■ The problem: Repeat exactly the lines of the material below that run from the "FILE - Democratic" line to the "Spacious walk-in closet" line, including both, and do not carry over any pictures.

■ Dataset content:
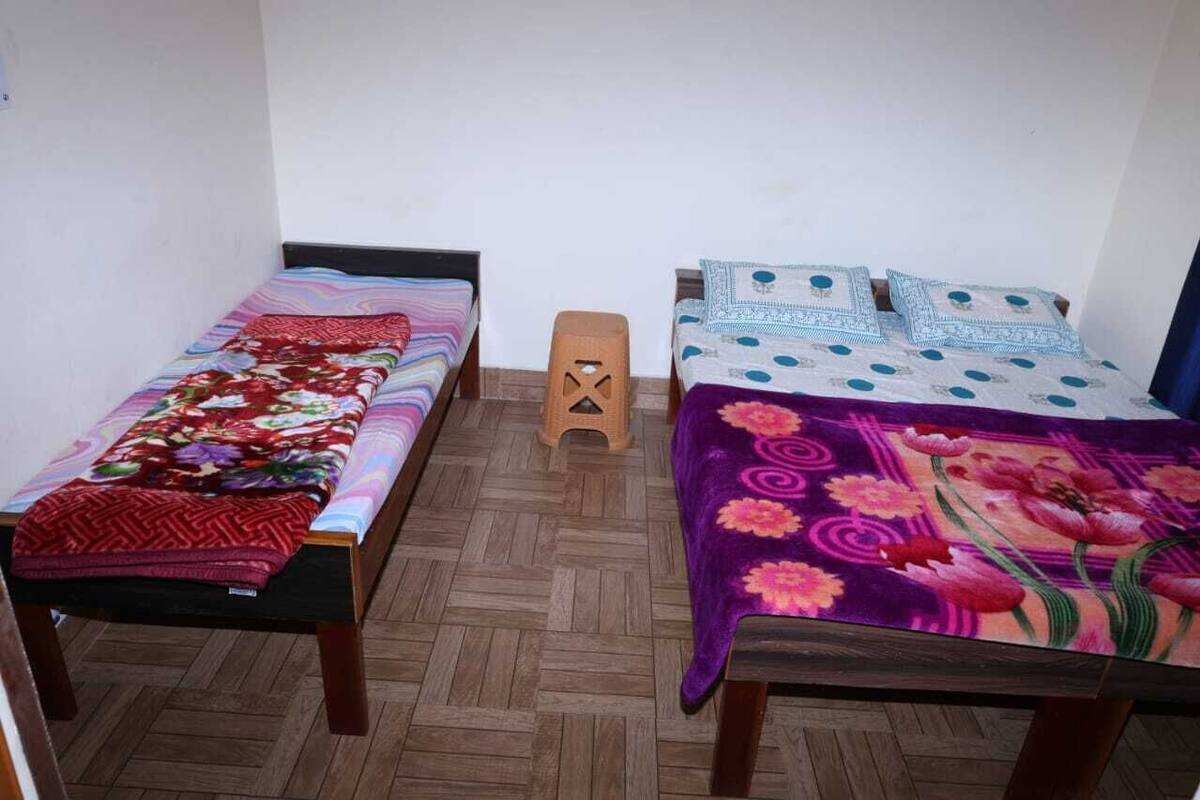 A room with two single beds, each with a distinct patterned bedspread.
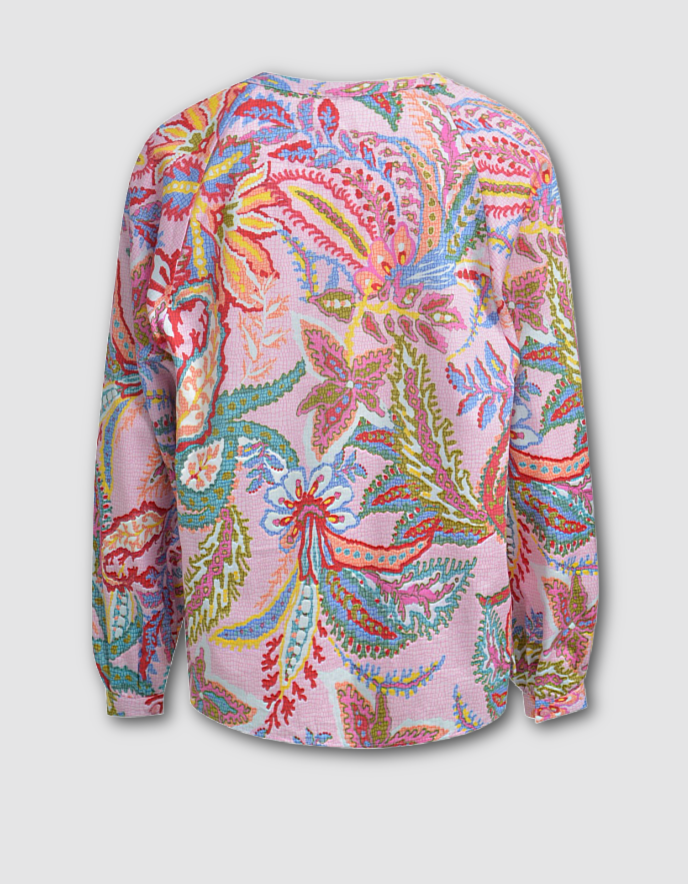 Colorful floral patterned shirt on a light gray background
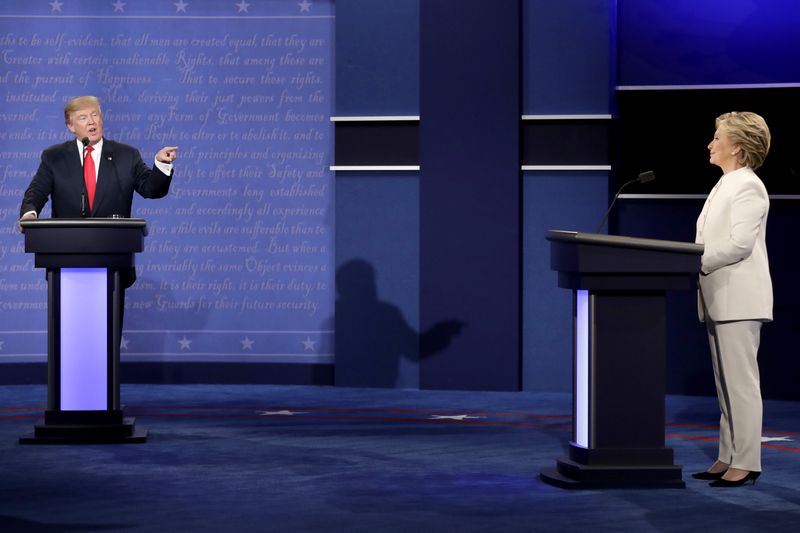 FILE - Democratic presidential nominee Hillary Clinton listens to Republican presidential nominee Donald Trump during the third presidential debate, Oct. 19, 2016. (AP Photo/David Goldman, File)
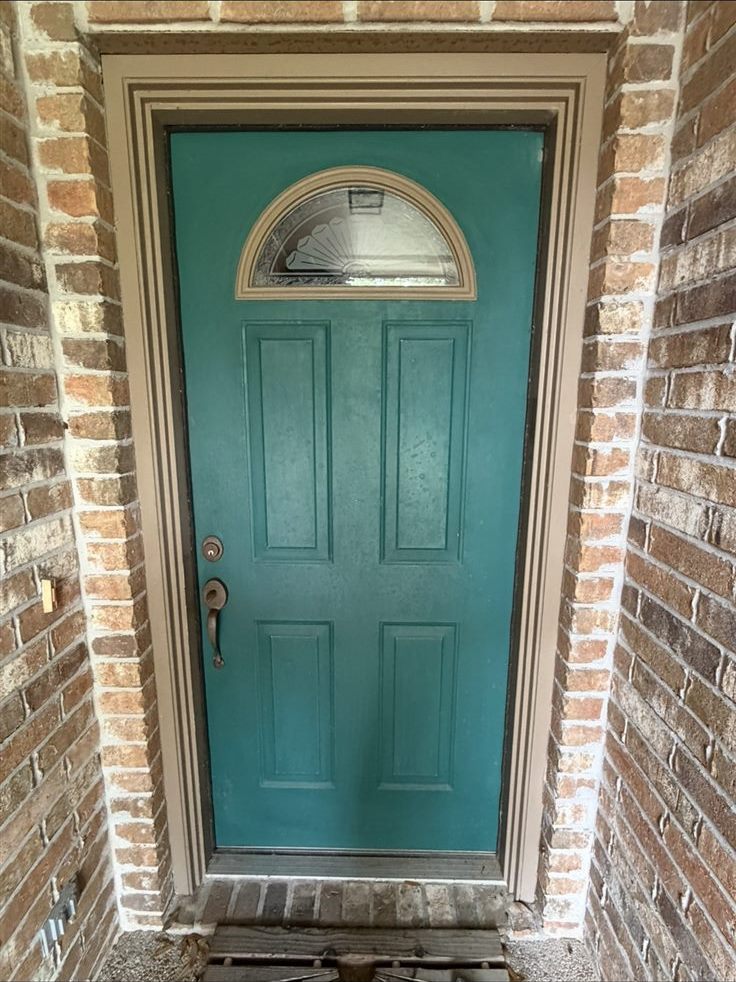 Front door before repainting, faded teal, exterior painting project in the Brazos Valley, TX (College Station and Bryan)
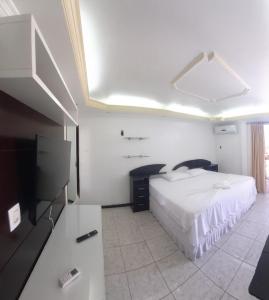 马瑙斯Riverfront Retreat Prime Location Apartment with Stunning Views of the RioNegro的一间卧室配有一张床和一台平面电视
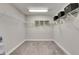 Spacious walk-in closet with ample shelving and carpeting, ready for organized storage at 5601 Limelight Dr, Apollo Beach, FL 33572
...
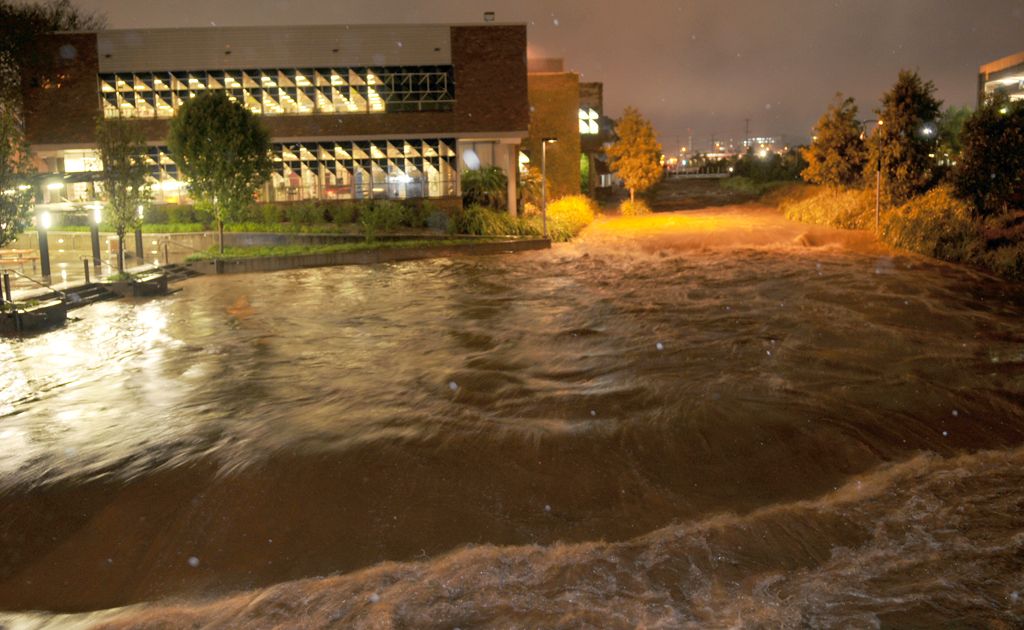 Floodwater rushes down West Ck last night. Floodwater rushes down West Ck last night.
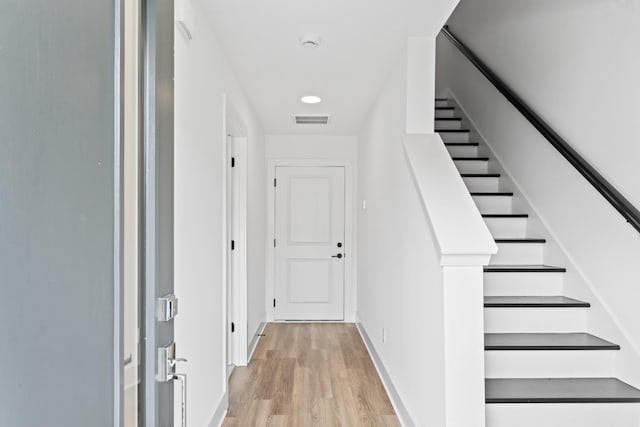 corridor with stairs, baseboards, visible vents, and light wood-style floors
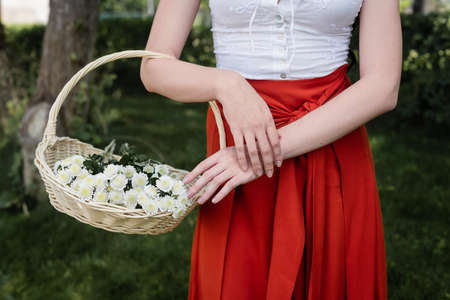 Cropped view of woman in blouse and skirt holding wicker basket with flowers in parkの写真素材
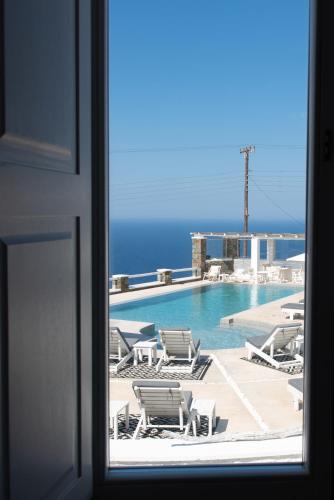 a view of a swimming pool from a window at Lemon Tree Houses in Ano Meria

■ Task answer:
 FILE - Democratic presidential nominee Hillary Clinton listens to Republican presidential nominee Donald Trump during the third presidential debate, Oct. 19, 2016. (AP Photo/David Goldman, File)
 Front door before repainting, faded teal, exterior painting project in the Brazos Valley, TX (College Station and Bryan)
 马瑙斯Riverfront Retreat Prime Location Apartment with Stunning Views of the RioNegro的一间卧室配有一张床和一台平面电视
 Spacious walk-in closet with ample shelving and carpeting, ready for organized storage at 5601 Limelight Dr, Apollo Beach, FL 33572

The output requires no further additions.